For sub‑aim 2: A literature review was conducted using the following search terms in PubMed, yielding 62 results: ((cyclones [Title/Abstract] OR “cyclone shelters” [Title/Abstract] OR “tidal surges” [Title/Abstract]) AND (infectious disease [Title/Abstract] OR diseases [Title/Abstract] OR disease outbreaks [Title/Abstract])). Similarly, Google Scholar was searched using the following keywords “cyclone shelters” AND India AND “disease outbreaks”, resulting in 122 results. The time limit was placed from 2000 to 2024. Since climate change has been focused on more in recent decades, we chose to restrict our search to this time. The gray literature and newspaper articles were also searched. Reference lists of relevant studies were also searched for any missing papers.
Findings
Status of MPCS and prevalence of diseases in the Sundarbans
There are currently 118 MPCSs in the study area which were handed over to the government in 2023 (Figure 2). The number of cyclone shelters is significantly higher (p < 0.05) in coastal blocks (n = 70) compared to inland blocks (n = 40) (χ2 = 16.13). The number of cyclone shelters is not significantly associated with the population density of the blocks nor with the vulnerability of the blocks.
Figure 2
Location of the study area.
Our secondary data analysis revealed that the prevalence of WBDs across the blocks in Sundarbans is significantly higher (p < 0.001) in the cyclonic years (Figure 3a) compared to the non‑cyclonic years (t = 6.69) (Figure 3b). However, there is no significant difference between the prevalence of disease between the coastal and inland blocks or the vulnerability of the blocks (Appendix I).
Figure 3
(a) Average prevalence rate of waterborne diseases in cyclonic years, Sundarbans (2010–2021) and (b) Average prevalence rate of waterborne diseases in non‑cyclonic years, Sundarbans (2010–2021).

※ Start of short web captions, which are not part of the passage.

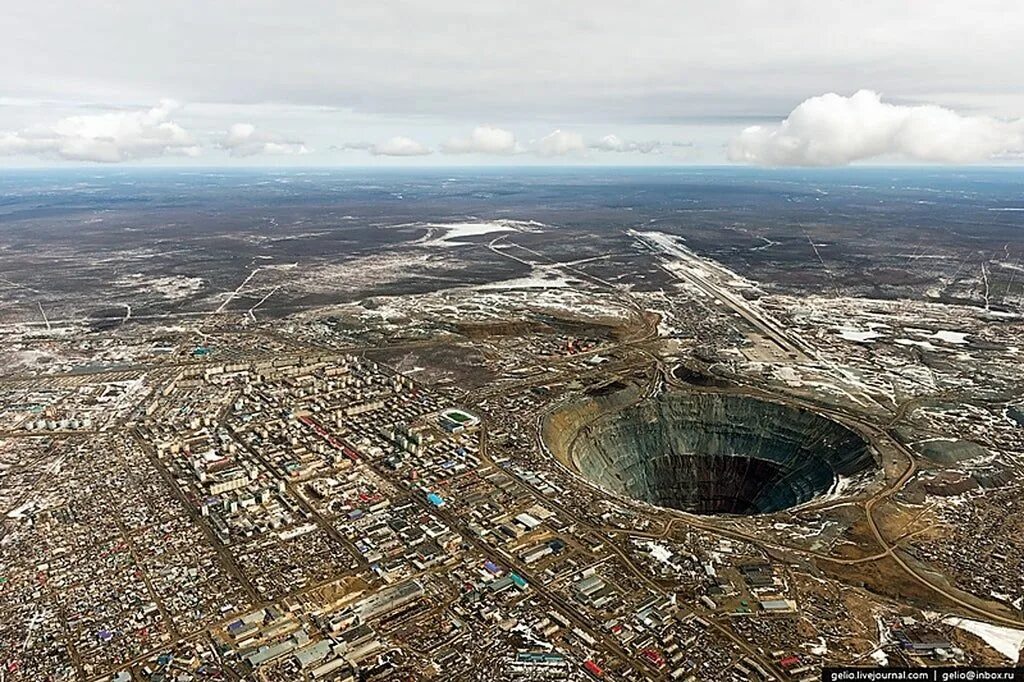 Мирный россия фото The Mir mine, also called the Mirny mine, is an open pit diamond mine located in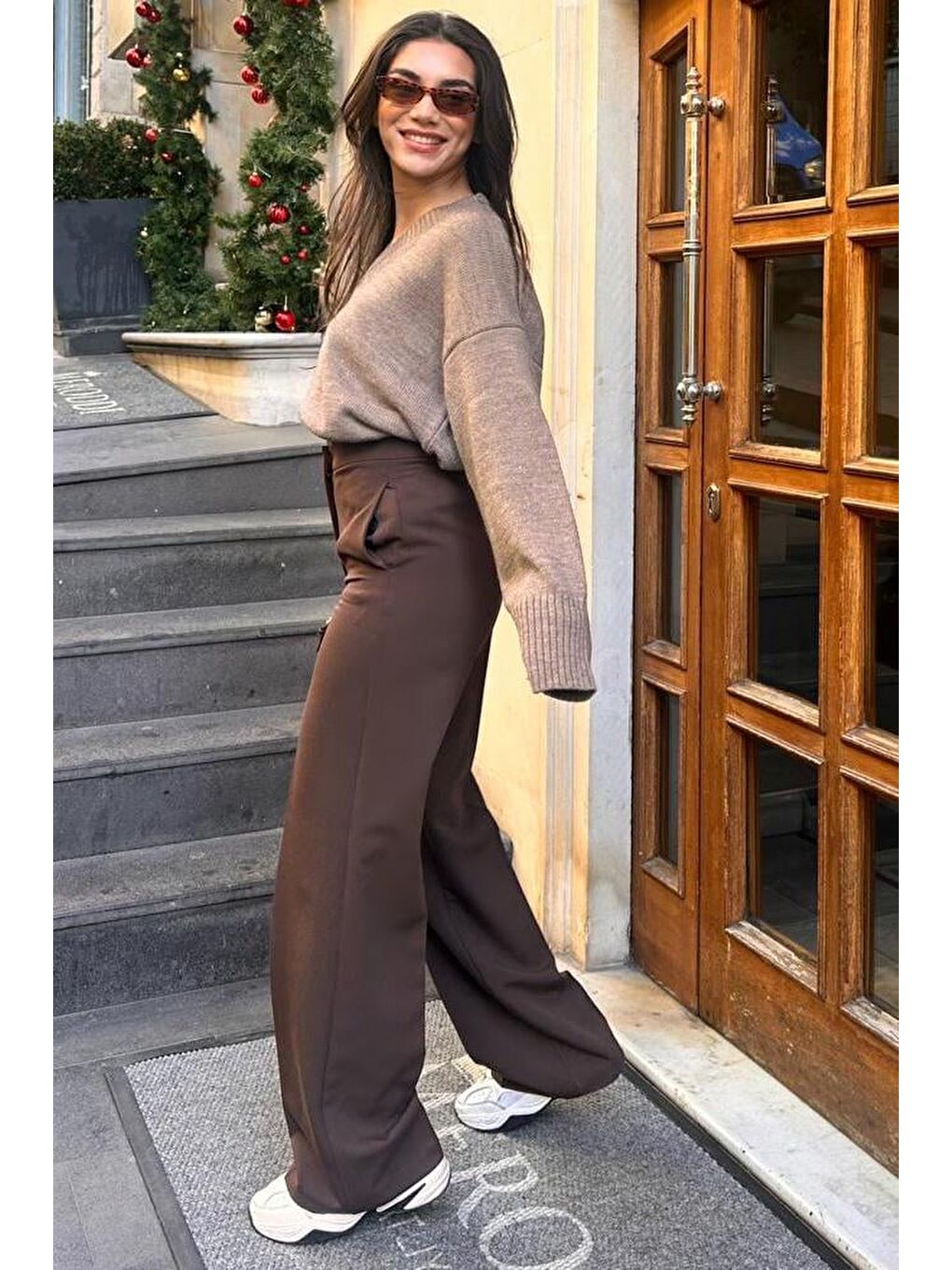 Bej Vizon V Yaka Oversize Kadın Triko Kazak Mg2149-6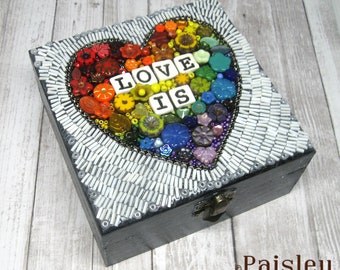 Rainbow Heart jewelry stash box, bead mosaic art by Paisley Lizard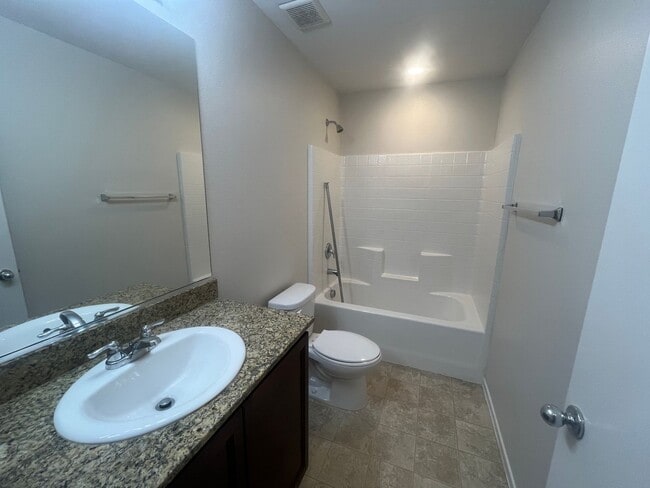 Photo - 2 bedroom Townhome located near Nellis Air...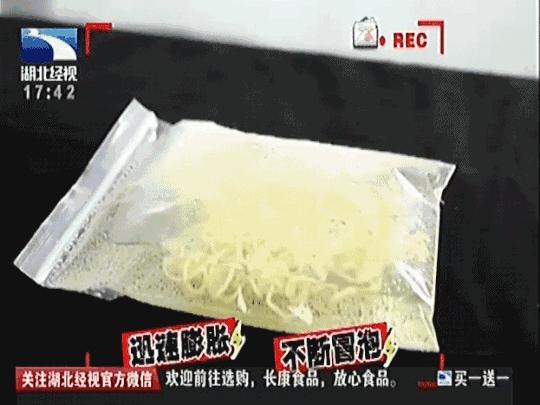 吃泡面时喝了点饮料竟险些送命,小伙吃火锅差点把命送了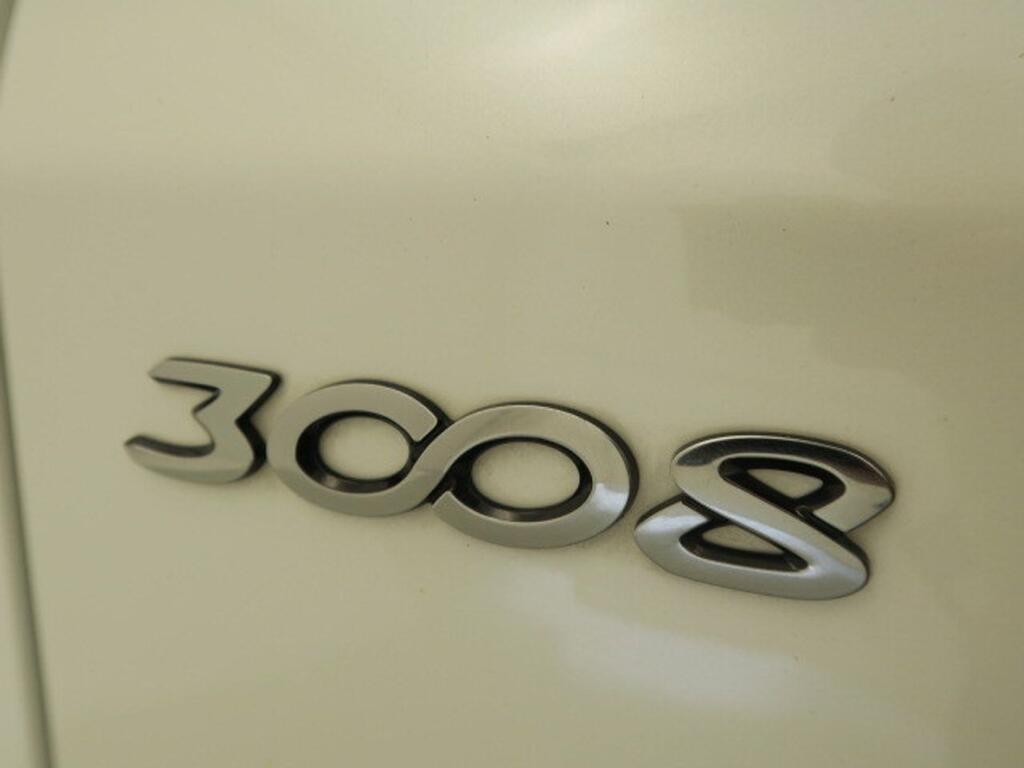 Peugeot 3008 GT LINE 1.2 PURETECH 130CV S&S AUTO 5P 24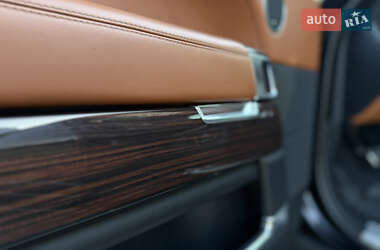 Позашляховик / Кросовер Land Rover Range Rover 2015 в 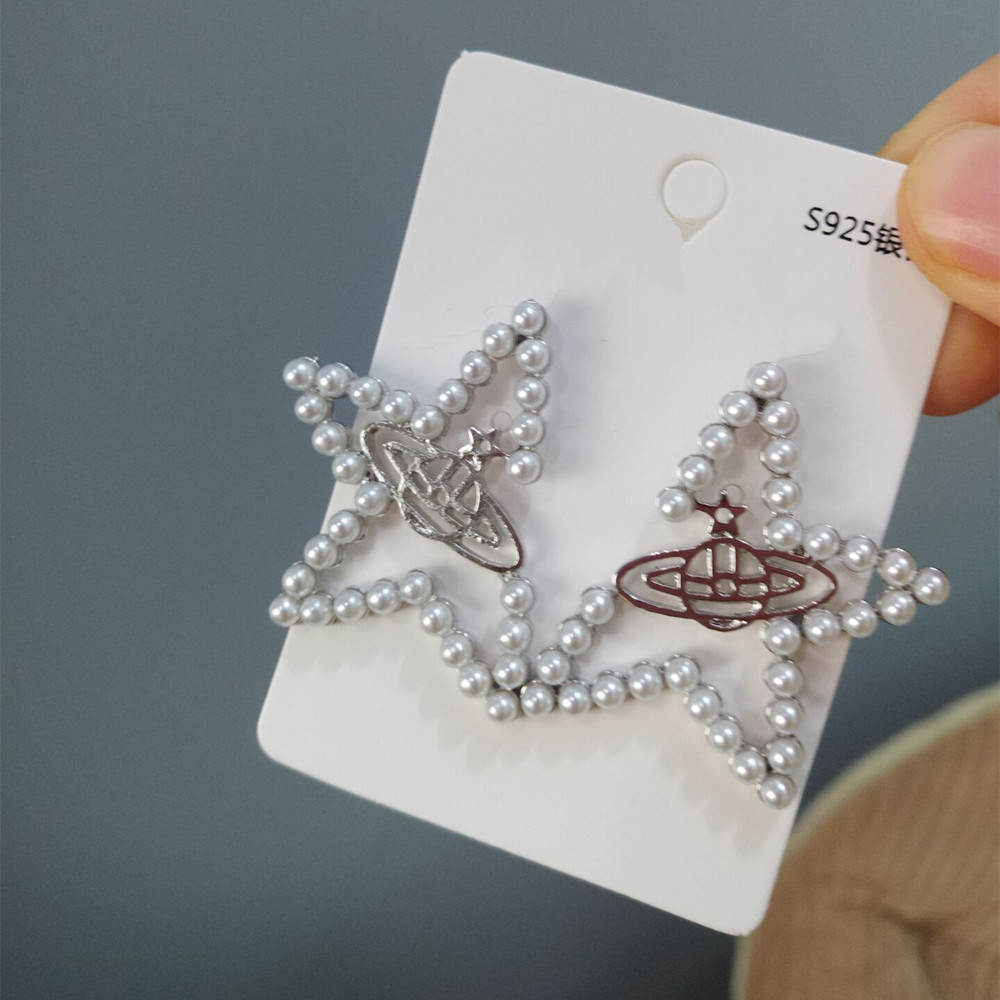Korean S925 sterling silver needle exaggerated star stud earrings, elegant pearl five-pointed star earrings, versatile and super fairy earrings Application Scenario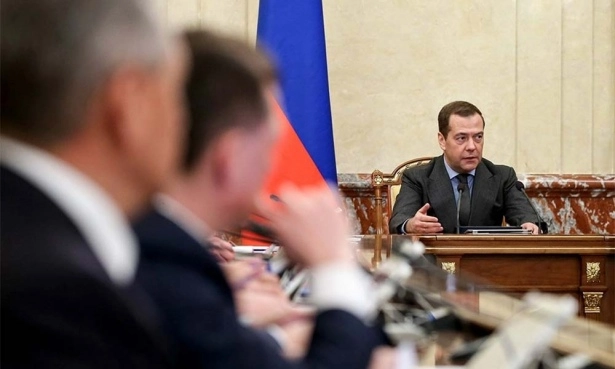 Медведев поручил разобраться с долгами предприятий ЖКХ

The prevalence of VBDs across the blocks in Sundarbans is also significantly higher (p < 0.01) in the cyclonic years (Figure 4a) compared to the non‑cyclonic years (t = 2.55) (Figure 4b). In this case, also, there does not exist any significant difference between the prevalence of disease in the coastal and inland blocks or with the vulnerability of the blocks (Appendix II).
Figure 4
(a) Average prevalence rate of vector‑borne diseases in cyclonic years, Sundarbans (2010–2021) and (b) Average prevalence rate of vector‑borne diseases in non‑cyclonic years, Sundarbans (2010–2021).
There does not exist any significant difference in the prevalence of these diseases at the three times in a year: pre‑cyclone (January‑April), cyclone (May‑June and October‑November), and post‑cyclone (July–September, December). Further, at these three points, no significant difference exists between the average prevalence of diseases across the coastal and inland blocks in the cyclonic years.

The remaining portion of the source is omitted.